Đức A Reporter's Love For A Wounded People - English Version)

$25.00

Duc A Reporter's Love For A Wounded People: Đức is the Vietnamese word for German, and Đức was Uwe Siemon-Netto’s nickname during his time as a Vietnam War correspondent. Exactly four decades after America’s withdrawal from that conflict, Siemon-Netto has chosen Đức as the title for his book about his five years of covering the war for Germany’slargest publishing house.
In the words of Peter R. Kann, the former publisher of the Wall Street Journal, “Uwe Siemon-Netto, the distinguished German journalist, has written a masterful memoir… He captures, as very few others have, the pathos and absurdities, the combat, cruelties and human cost of a conflict, which -- as he unflinchingly and correctly argues -- the wrong side won.

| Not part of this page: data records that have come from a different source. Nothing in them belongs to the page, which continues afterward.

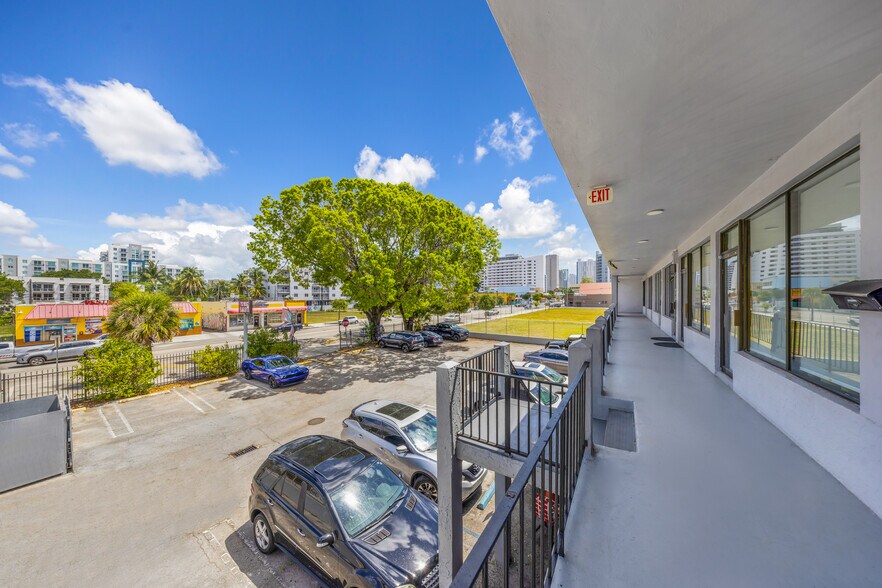 More Photos Of 752-776 W Flagler St, Miami Storefront Retail Office For Lease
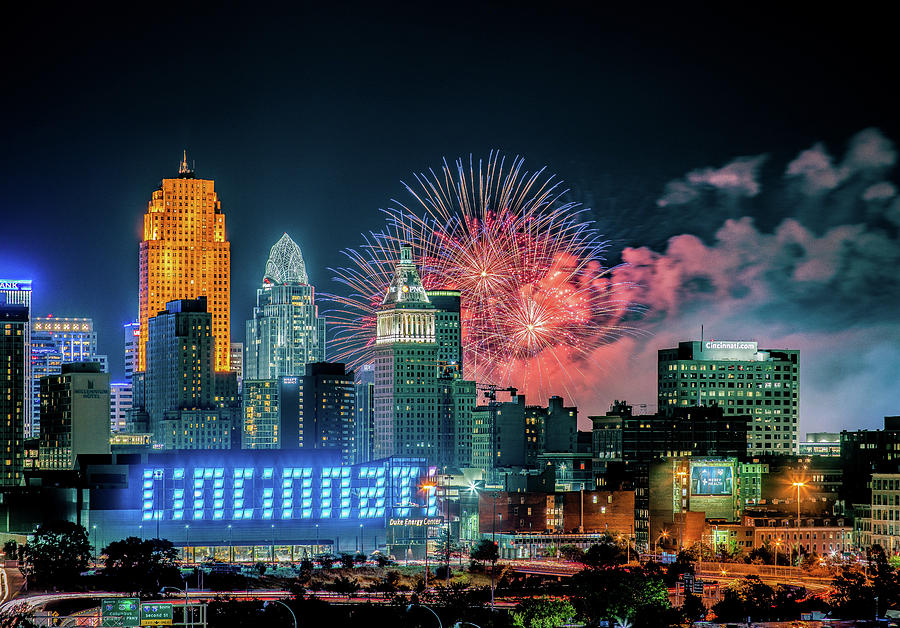 2019 WEBN Fireworks Cincinnati Ohio Skyline Photograph Photograph by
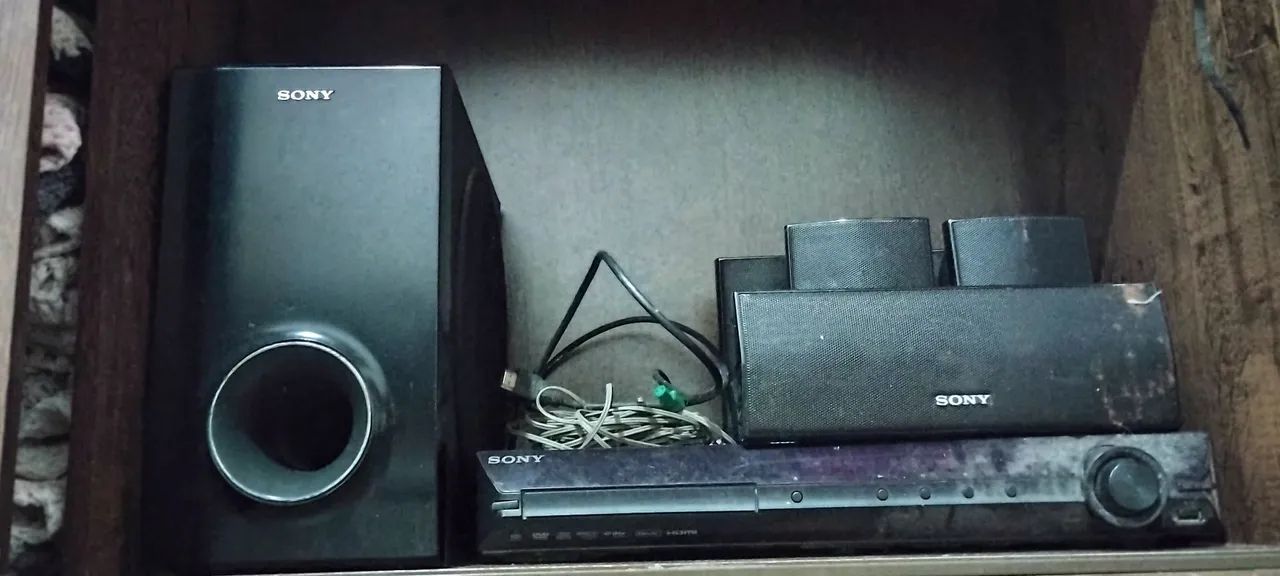 Vendo home theater 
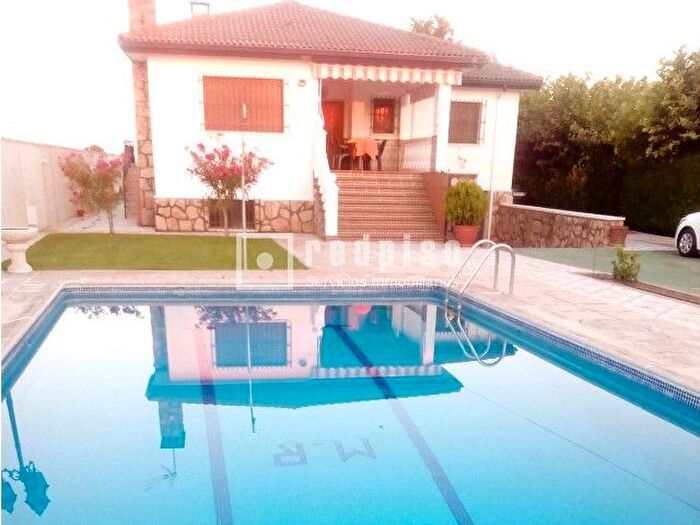 Casa en venta en Ugena, Toledo de 4 habitaciones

“From the street cafes of Saigon to special forces outposts in the central highlands, from villages where terror comes at night to the carnage and war crimes visited on the city of Hue at Tet, 1968, Uwe brings a brilliant reportorial talent and touch. Above all, Uwe writes about the Vietnamese people: street urchins and buffalo boys, courageous warriors and hapless war victims, and the full human panoply of a society at war.
“As a German, Uwe had, as he puts it, ‘no dog in this fight’, but he understood the rights and wrongs of this war better than almost anyone and his heart, throughout the powerful and moving volume, is always and ardently with the Vietnamese people.”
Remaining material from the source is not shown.